> _WORK TO COMPLETE_
Your answer should be the exact lines of the records, starting with the one containing "Villa Aramis-Terrace balcony" and running to the end.

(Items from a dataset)
* * *

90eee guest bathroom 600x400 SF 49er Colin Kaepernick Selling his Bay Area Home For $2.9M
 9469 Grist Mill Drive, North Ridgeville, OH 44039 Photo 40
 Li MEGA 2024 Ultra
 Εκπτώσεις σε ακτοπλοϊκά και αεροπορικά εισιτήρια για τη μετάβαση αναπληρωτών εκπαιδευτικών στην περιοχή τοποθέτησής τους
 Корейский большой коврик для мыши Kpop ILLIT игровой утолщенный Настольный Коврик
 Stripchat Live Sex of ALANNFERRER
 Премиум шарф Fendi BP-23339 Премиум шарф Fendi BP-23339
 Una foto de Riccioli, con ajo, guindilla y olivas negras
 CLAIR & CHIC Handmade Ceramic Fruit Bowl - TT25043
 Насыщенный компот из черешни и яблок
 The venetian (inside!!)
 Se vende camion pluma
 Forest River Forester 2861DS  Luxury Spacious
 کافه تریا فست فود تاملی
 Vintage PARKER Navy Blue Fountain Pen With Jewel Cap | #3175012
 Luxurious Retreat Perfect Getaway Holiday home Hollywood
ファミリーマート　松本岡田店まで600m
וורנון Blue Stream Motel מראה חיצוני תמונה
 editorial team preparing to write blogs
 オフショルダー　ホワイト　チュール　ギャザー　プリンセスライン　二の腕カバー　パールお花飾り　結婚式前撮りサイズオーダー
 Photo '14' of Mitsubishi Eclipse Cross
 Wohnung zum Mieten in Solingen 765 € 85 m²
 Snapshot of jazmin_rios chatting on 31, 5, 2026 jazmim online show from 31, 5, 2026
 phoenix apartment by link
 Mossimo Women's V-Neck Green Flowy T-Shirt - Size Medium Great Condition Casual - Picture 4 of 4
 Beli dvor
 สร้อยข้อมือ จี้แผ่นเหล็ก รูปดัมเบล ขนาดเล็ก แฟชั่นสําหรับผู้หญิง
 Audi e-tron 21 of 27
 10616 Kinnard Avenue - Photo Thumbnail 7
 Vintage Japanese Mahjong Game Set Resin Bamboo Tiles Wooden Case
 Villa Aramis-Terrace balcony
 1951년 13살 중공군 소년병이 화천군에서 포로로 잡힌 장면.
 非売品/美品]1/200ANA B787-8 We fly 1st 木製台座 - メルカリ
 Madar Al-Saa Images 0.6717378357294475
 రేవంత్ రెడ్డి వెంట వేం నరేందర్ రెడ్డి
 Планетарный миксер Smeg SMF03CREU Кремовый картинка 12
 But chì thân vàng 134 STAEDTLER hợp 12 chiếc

* * *

> _RESULT OF THIS TASK_
 Villa Aramis-Terrace balcony
 1951년 13살 중공군 소년병이 화천군에서 포로로 잡힌 장면.
 非売品/美品]1/200ANA B787-8 We fly 1st 木製台座 - メルカリ
 Madar Al-Saa Images 0.6717378357294475
 రేవంత్ రెడ్డి వెంట వేం నరేందర్ రెడ్డి
 Планетарный миксер Smeg SMF03CREU Кремовый картинка 12
 But chì thân vàng 134 STAEDTLER hợp 12 chiếc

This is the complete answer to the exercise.